For the \(\mathrm{inv}\) function this equates to
\[ \mathrm{inv}\left(a + \sum_{i=1}^n b_i \delta^i\right) = \frac{1}{a} - \left(\sum_{i=1}^n b_i \delta^i\right) \frac{1}{a^2} + \left(\sum_{i=1}^n b_i \delta^i\right)^2 \frac{1}{a^3} + \dots + (-1)^n \left(\sum_{i=1}^n b_i \delta^i\right)^n \frac{1}{a^{n+1}} \]
To compute the result, we shall fill an array with the real and infinitesimal coefficients of the function and pass it along with the surreal argument to a function that applies this for of the chain rule, given in listing 14.

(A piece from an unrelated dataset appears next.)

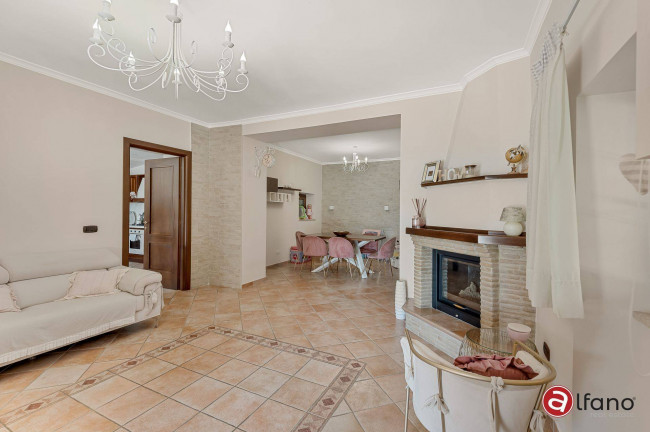 Villa for sale in Pontecorvo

Listing 14: Applying The Chain Rule
function chain(c, s) {
 var di = s.coeffs();
 var cs = [];
 var n  = di.length;
 var i, j;

 cs.length = n;
 cs[0] = c[0];

 for(j=1;j<n;++j) cs[j] = c[1] * di[j];

 for(i=2;i<n;++i) {
  iPow(s, i, di);
  for(j=i;j<n;++j) cs[j] += c[i] * di[j];
 }
 return ak.surreal(cs);
}

The argument c holds the function's coefficients and s the surreal argument. The variable di holds the \(i^\mathrm{th}\) power of the sum of the infinitesimal terms of the argument and is updated at each step by the iPow function as given in listing 15.

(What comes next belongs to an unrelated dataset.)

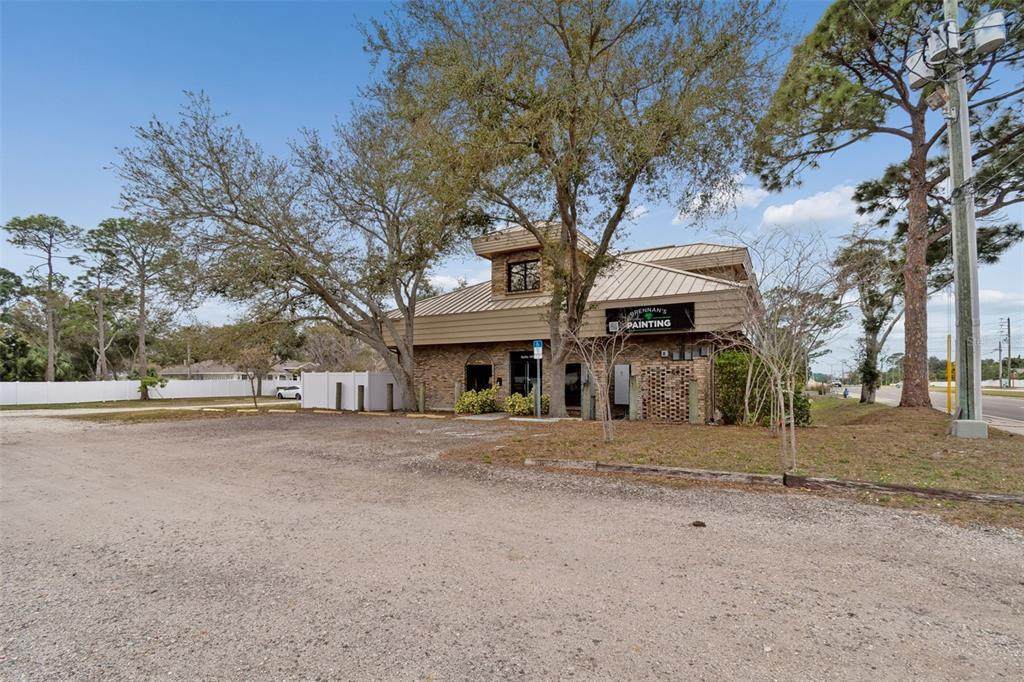 13800 Park Boulevard - Photo 1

Listing 15: Updating The Infinitesimal Terms
function iPow(s, i, di) {
 var n = s.order();
 var j, k;

 for(j=0;j<=n-i;++j) {
  di[n-j] = 0;
  for(k=1;k<=n+1-(i+j);++k) di[n-j] += di[n-(j+k)] * s.coeff(k);
 }
}

Now this is a fairly terse bit of code so it might not be immediately obvious exactly what it's doing. The important things to note are that in the \(i^\mathrm{th}\) power of the infinitesimal terms there can be no terms of lower order than \(\delta^i\) and that we are not interested in any that are of higher order than \(\delta^n\).
By working backwards from the \(n^\mathrm{th}\) to the \(i^\mathrm{th}\) terms we can compute the result in place since each term must be multiplied by \(\delta\) at least once.
Finally, to convince yourself that the inner loop is correct simply substitute the lower and upper limits of k in the body

di[n-j] += di[(n-j) - 1)] * s.coeff(1);
di[n-j] += di[i-1] * s.coeff((n-j) - (i-1));

This should make it clear that the left and right hand sides of the sums are both of order \(\delta^{n-j}\).
Finally, substituting the lower and upper limits of j in these expression shows that we are not using any invalid indices

di[n] += di[n-1)] * s.coeff(1);
di[n] += di[i-1] * s.coeff(n - (i-1));

di[i] += di[i-1] * s.coeff(1);
di[i] += di[i-1] * s.coeff(1);

The two expressions are identical for the upper limit of j because k can only equal one.
Hopefully that's made everything clear because I can't think of any way of making it clearer!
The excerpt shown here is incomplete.